Watching the TV in the daytime is another matter. That's where one of the UT50B's flaws is plainly evident. Plasmas are made of glass in order to contain the gasses inside the unit. The surface of the UT50B is extremely reflective and if your room is VERY bright (and you can't invest in curtains or blinds) then the UT50B isn't for you. However personally I don't see this as an issue as I simply draw the blinds and the issue is resolved. I'd much rather have blinds or a curtain fitted and enjoy the superior quality of this set than invest in pricy and flawed LED/LCD Tvs. Pansonic's more expensive Plasma models come with a film over the glass to reduce glare but this has caused a lot of problems with image uniformity.
Next on to the quality of fast paced images on the TV. To put it lightly the refresh rate on this set is simply phenomenal. The standard out of the box refresh rate is 600hz which is well beyond the measly 100hz (or even 50hz in a lot of cases) that LED/LCD TVs have. But what distinguishes the Panasonic from other Plasmas is its ability to step up the refresh rate up to 2000hz with something Panasonic calls 'Focus Field Drive'. Panasonic doesn't go into much detail how the technology works but what is assured is there is no motion blur and images remain crisp and sharp. Playing Xbox on the TV immediately demonstrates its quality and there is no ghosting that plagues LCD/LED technology.

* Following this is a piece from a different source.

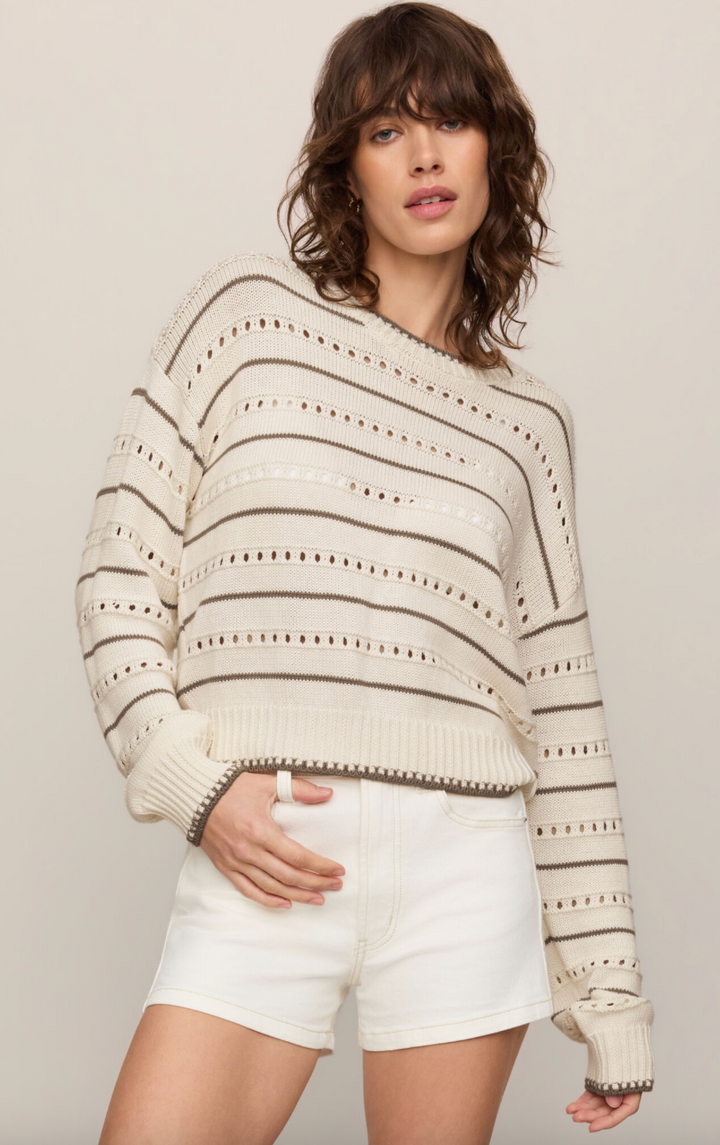 Z Supply Darby Stripe Sweater - Sandstone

The first thing that is apparent from the back of the unit is its lack of connectivity options. Only 2 HDMI ports and a lack of VGA connectivity. However 2 USB ports and the option to upgrade to WiFi make up for its shortcomings if only slightly.
The UT50B is a full HD 3D TV meaning that 3D images can be viewed in 1080p in both eyes. Whilst we haven't tested this feature as glasses aren't included with the set Panasonic are offering a promotion for 2 free pairs of glasses for every Plasma bought this year so an update will follow. The UT50B also includes 3D upscaling that means you can watch standard 2D broadcasts (and games) in full 3D which is a nice feature.
'Smart Viera' is the strapline that Panasonic uses to describe its range of intenet TVs. But what makes it so smart? Internet connectivity seems a bit of a gimmick at the moment and although it gives you access to apps such as BBC iPlayer and Facebook it's more of a gimmick than anything else. However with the optional Wireless USB dongle the UT50B can be turned into a fully equiped DLNA media outlet. This means that you can stream direct from your phone/laptop/other DLNA equipped device and enjoy in full screen.
There is no doubt that the UT50B provides the best picture in this price range and beats many sets far in excess of £1000. It does have its shortcomings such as its lack of HDMI ports and highly reflective screen. But if you don't mind drawing the curtains this is the set for you. Especially if you're a gamer as the lack of input lag and motion blur set it on to a winner.
Our rating 4/5
UPDATE 25/11/12: Since writing this review we've had a slight issue with a buzzing noise being emitted from the TV. We've contacted Panasonic's Support Team who are looking into the issue.